To their credit, 22 other state attorneys general – including Washington’s Rob McKenna – are backing Steve Bullock’s attempt to protect Montana from the Citizens United ruling.
Montana was once a poster boy for money-corrupted politics; its history shows how vulnerable states are to the unlimited corporate spending the Supreme Court allowed when it overturned key federal campaign finance restrictions in 2010.
More than 100 years ago, Montana politicians were bought, sold and openly traded by mine-owners known as the Copper Kings. The bribery and other corruption were more or less inevitable, given the ease with which a handful of plutocrats could have their way with an agrarian state.
Montana lawmakers finally reined in the power of Anaconda Copper and other corporate barons by enacting the Corrupt Practices Act of 1912, which sharply curtailed how much they could spend electing friendly officeholders.

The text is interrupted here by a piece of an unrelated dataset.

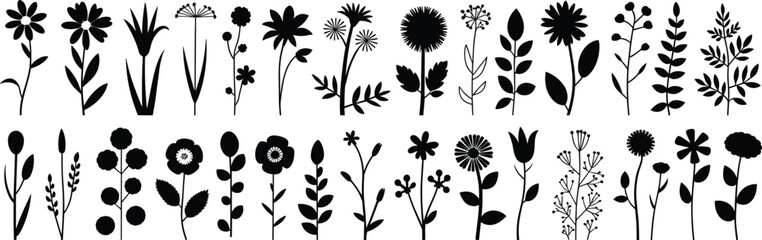 Black Silhouette Vector Set of Wild Flowers and Leaves for Botanical Nature Art and Decorative Floral Design on White Background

The history behind the Corrupt Practices Act flatly refutes Citizens United. Justice Anthony Kennedy, writing the majority decision in that case, proclaimed that “independent expenditures, including those made by corporations, do not give rise to corruption or the appearance of corruption.”

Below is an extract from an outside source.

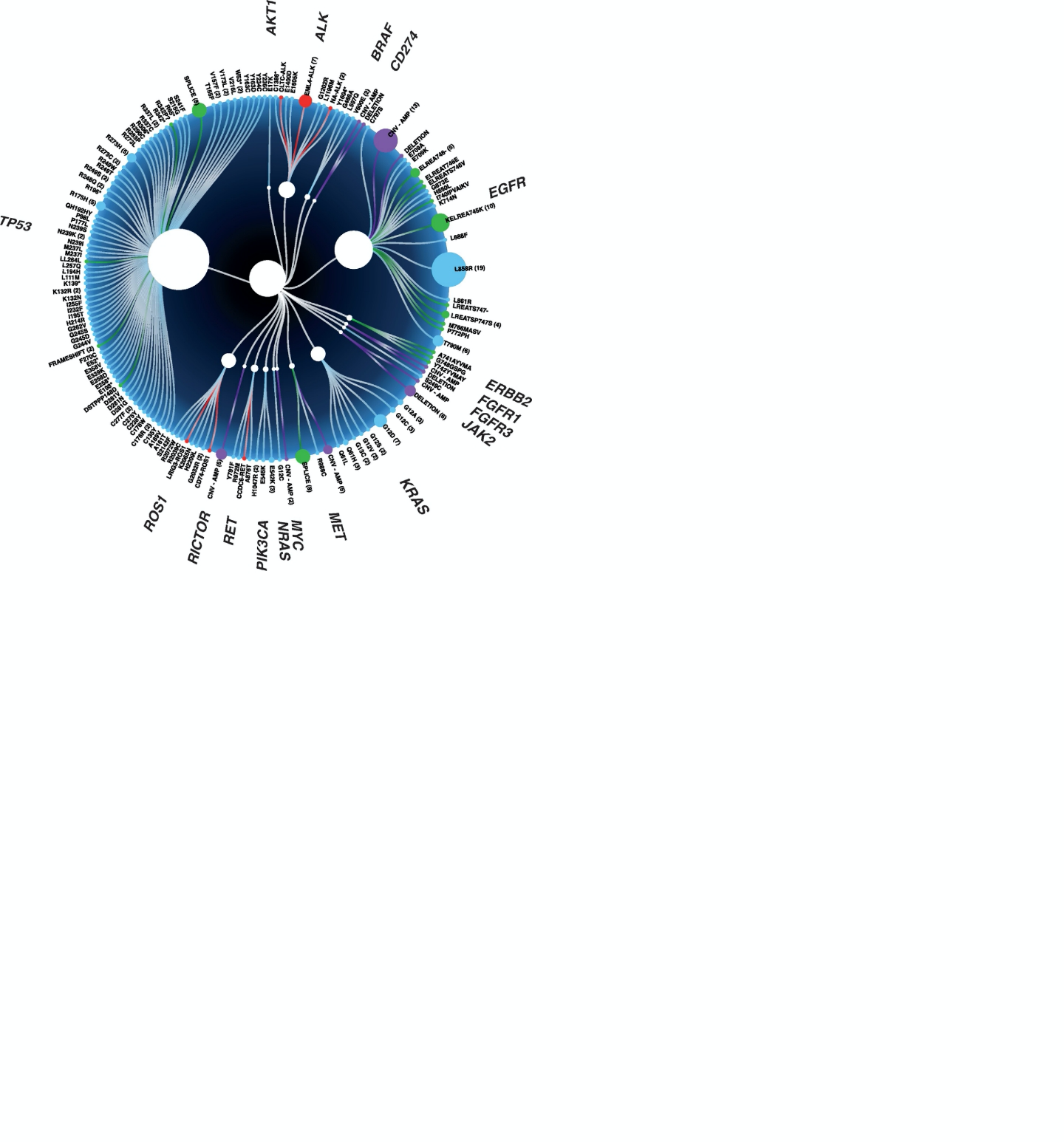 image-20220512212841049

Okey-doke. Might be time to occasionally leave that building and take a stroll out among us, Justice Kennedy.
You’ll recall we’ve had years of exhaustive coverage of the opposition to President Obama’s health care law (although, oddly, very little practical information on the provisions of the law) and here’s real opposition to the Citizens decision as applied to the states and it’s ignored. Of course, the Citizens decision is favored by libertarians, conservatives, and the millionaires who carry water for billionaires (but I repeat myself) and the health care law is not, so maybe that explains the disparity in coverage here.
Here’s the states’ brief:
the sovereign States have for over a century been enacting and enforcing laws regulating corporations’ expenditures in state and local political campaigns. Although the States’ laws governing corporate campaign expenditures vary in important respects, they all seek to ensure that such expenditures do not undermine principles of accountability and integrity in state and local elections, while protecting residents’ rights to participate in the electoral process.

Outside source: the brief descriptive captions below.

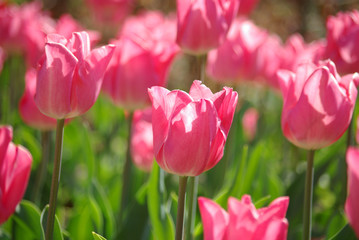 Tulipes rose au printemps au jardin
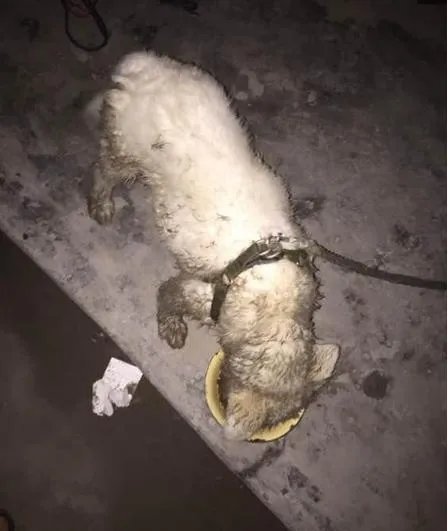 萨摩耶到底有多蠢？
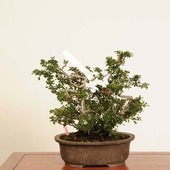 �ߺϡ�Ĺ����(���祦����Х�)(ȭ����ͭ)*���� ����ʪ ���礦����Ф���Cyoujyubai�� �����ߺϡ�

Petitioners’ challenge to Montana’s election laws asks this Court to address the permissible limits of state regulation of independent corporate expenditures in state and local candidate elections under the First Amendment. Any decision by this Court here will have consequences for state laws across the country. The amici States therefore have a strong interest in the outcome of this case, and a particularly strong interest in opposing petitioners’ request that the Court summarily reverse the decision of Montana’s Supreme Court, based on the Court’s decision two years ago in Citizens United v. FEC.
And here are the states backing Montana:
New York, Arkansas, California, Connecticut, Delaware, Hawaii, Idaho, Illinois, Iowa, Kentucky, Maryland, Massachusetts, Minnesota, Mississippi, Nevada, New Mexico, North Carolina, Rhode Island, Utah, Vermont, Washington, West Virginia and the District of Columbia.
Update: It occurs to me, reading the list of states, that this is bipartisan opposition!